Essex, United Kingdom  Few places in Britain were as certain as the borough of Thurrock when asked to weigh up the UK’s membership of the European Union in a June 2016 referendum.

More than 72 percent of voters in the area, which forms part of the southeastern county of Essex, opted to quit the bloc. Only three other areas registered a higher leave vote.

Since the ballot, in which 52 percent of people nationwide voted to leave, British Prime Minister Theresa May’s efforts to manage the departure have been met with intense scrutiny.

On Tuesday, parliament is expected to reject the withdrawal agreement she drew up alongside European leaders following months of negotiations.

Criticism of the deal across the political spectrum has been sharp.

Some argue it would see the UK too tied in with Europe and at the mercy of Brussels’ decision making. 

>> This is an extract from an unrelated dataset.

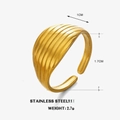 Minimalistischer 18K vergoldeter Edelstahlring mit gewellter Oberflächenstruktur - Gold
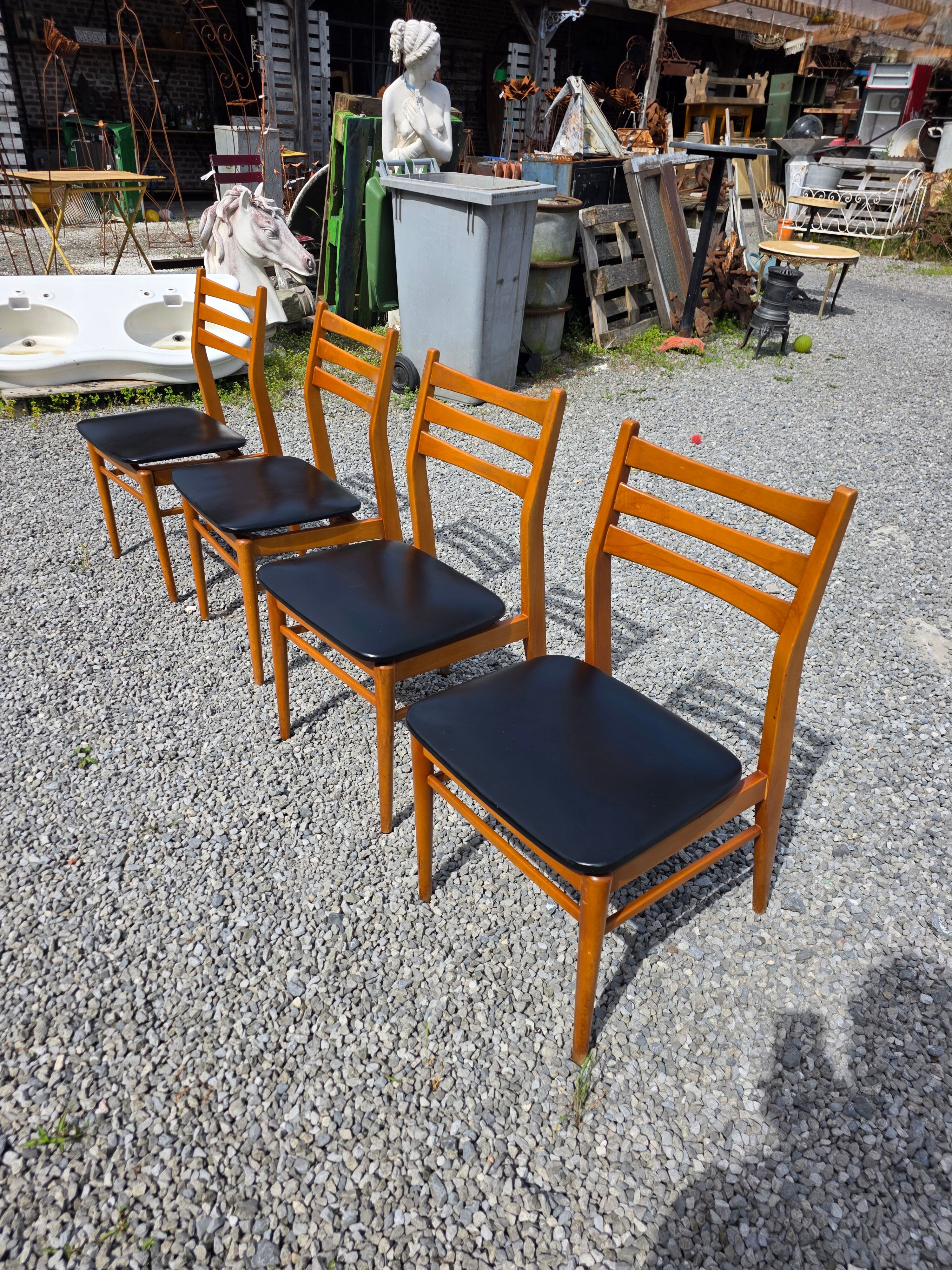 4 Scandinavian chairs from the 1960s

Others say it would mean the UK renounces benefits it currently enjoys as a member of the political and economic bloc, leaving the country isolated and weaker.

Ahead of the parliamentary vote, Al Jazeera asked voters in Thurrock for their views on Brexit, and to see if the area’s apparent certainty on quitting the EU had been muddied by more than two years of political chaos.

Paul Outram, 43, communications technician

‘Another referendum would be a kick in the teeth for the people who voted to leave’ [David Child/Al Jazeera]

I voted to leave because I’m fed up with being dictated to by Europe on our laws and them telling us what we can do in our own parliament. I want to take back the power. 

I don’t think we have had the right people leading the discussions and negotiations over Brexit, though. Theresa May should have gone for a harder Brexit, because where we are heading for at the moment is basically a no-man’s land, where we wouldn’t actually be out-out and still too much controlled by Europe.

I don’t think we should go with her deal, it’s too soft and not what we wanted.

She’s not going to get the support of parliament for it but I just hope it doesn’t end up in another referendum. That would be a kick in the teeth for the people who voted to leave.

We still need a relationship with Europe, yes, but it’s a two-way thing. People think that we need Europe more than they need us but I think it’s 50-50, especially with security. For national security and world security we still need to work with each other.

We have always been a great nation and have always survived over hundreds of years, we only joined the EU about 40 years ago so I don’t see why our history should be dictated by the last four decades alone when before that we always did alright.

Naomi Campbell, 34, social worker

I voted to stay in the EU because we know what it is about and what we have already got. For me, there wasn’t enough certainty around leaving and what that would mean. There were a lot of questions about leaving that weren’t answered.

From what I understand, this Brexit deal means we aren’t really coming out of the EU, but I try not to listen to the arguments and after a while when you hear Brexit you just switch off.

A Brexit deal with the EU is never going to be perfect, if they let us go with a perfect deal then others will want to leave too, but if the withdrawal agreement is going to benefit us in some way then it’s fair enough to come out.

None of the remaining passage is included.